According to The Student Loan Report, fully 20% of college students have used part of their student loans to purchase cryptocurrency. This is a surprisingly large number, even considering the fact that Millennials are the most likely group to invest in cryptocurrencies. Student Loan Report founder Drew Cloud told the Boston Globe:

“Younger Americans are certainly the most enthusiastic about cryptocurrency; they are the most active investors and want to get involved in the space in any way possible. However, I truly thought the percentage would be lower. As a college student, your budget is thin and that extra money could be used on rent, groceries, or books.”

Student loans issued by the federal government come with income-based repayment options, meaning that students can under some circumstances pay as little as $10 a month on a $60,000 loan. Interest rates on federal student loans are also lower than many other forms of debt, making them much more attractive to use for longer-term speculation on cryptocurrency.

Not advisable

It’s a really bad idea to invest more in cryptocurrency than you can afford to lose.

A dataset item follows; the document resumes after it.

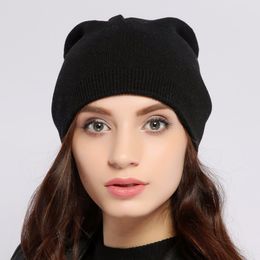 Fashion-Geebro Women's Beanies Hat Winter Warm Women Knitted Wool Skullies CasualCashmere Solid Colours Gorros JS273N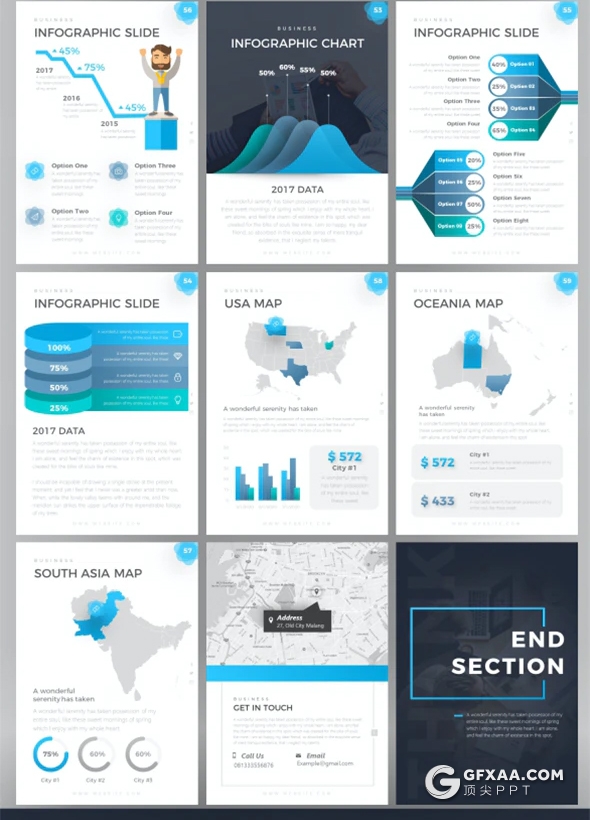 61页竖版A4尺寸项目合作商务总结报告团队介绍多用途PPT模板11种配色 - 顶尖PPT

While currencies like Bitcoin are almost certainly here to stay, many of the more recently-launched altcoins are probably going to die eventually. Not only that, but even Bitcoin sees its share of booms and busts, so $1,000 invested today could be worth far less later, when the money is needed.

When you need money

It’s been speculated that part of the reason for Bitcoin’s price decline lately has been people cashing out to pay taxes on asset sales from last year. Some of these people may have been blinded by the lofty valuations and simply assumed they could eventually pay their taxes with crypto that had appreciated more. Why pay sell half a Bitcoin to pay your taxes when, in a few months, you think you can pay them with only a quarter of a Bitcoin?

The problem, as some are doubtless discovering, is that you can’t count on Bitcoin prices going up forever, at least not in a straight line. Somebody who really needs money next year might end up having to sell a large part of their holdings to pay bills. This author has seen several reports on social media of people investing large amounts in Ether when it was under a dollar, only to be forced to sell long before the price reached today’s levels.